Idris and Sen. Isah Hamman Misau representing Bauchi Central are embroiled in a huge fight.
The senator had accused the IGP of massive corruption including buying two SUVs for Mrs. Aisha Buhari and breaching the law of service by impregnating a female police officer, and marrying her secretly in Kaduna State.
An eight-member Adhoc Committee was set up by the senate to probe the allegations.
In a written defence to the committee presented through his lawyer, Dr. Alex Iziyon (SAN), Idris asked Misau to cite a section of the law that prevents him from dating or marrying a policewoman, adding that the lawmaker’s father, a retired policeman, married his mother who was a policewoman while both were in the force.

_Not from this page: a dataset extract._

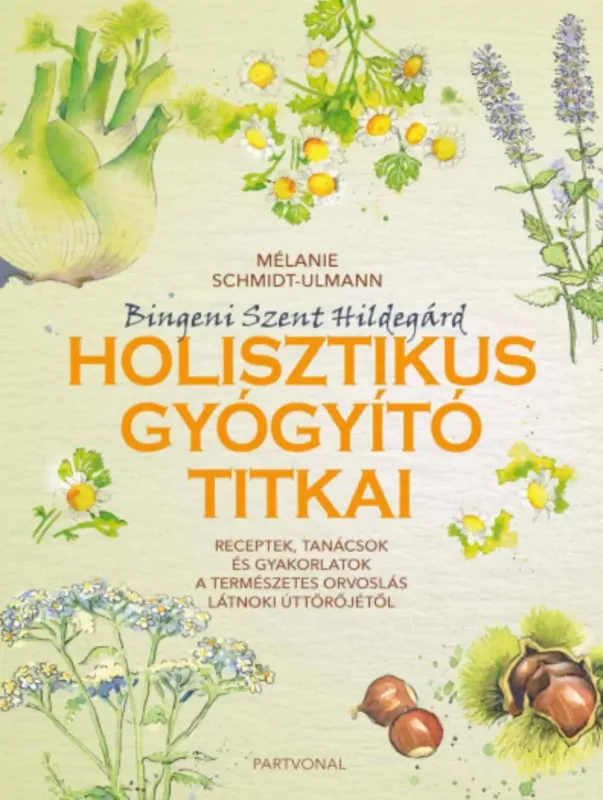 Bingeni Szent Hildegárd holisztikus gyógyító titkai - Mélanie Schmidt-Ulmann Ajánlat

“Until he brings such section of the Police Act, it will amount to discussing the Inspector-General of Police’s private life, which ordinarily should not have been entertained on the floor of the Senate.
“It might be appropriate to remind the senator, whose mother retired from the police as an Inspector of Police and a father who retired from the police as an Assistant Inspector-General of Police, that the Inspector-General of Police is a Moslem and, according to Islamic Law, can marry four wives provided he can love them equally,” Idris wrote in the defence.
Denying Misau’s claim that two female officers were promoted by the IGP undeservedly, and only got promotion because he was sleeping with them, Idris said in his defence: “The senator also alleged that the Inspector-General of Police is in a relationship with one Corporal Amina whom he claimed was promoted from the rank of Corporal to an Assistant Superintendent of Police within 12 months.
“This allegation is false and the senator is under obligation to give the full particulars of the female police (officer), where she is serving and her duty post. It is not possible to promote a corporal to the rank of an ASP except the officer has attended an in-service cadet course.”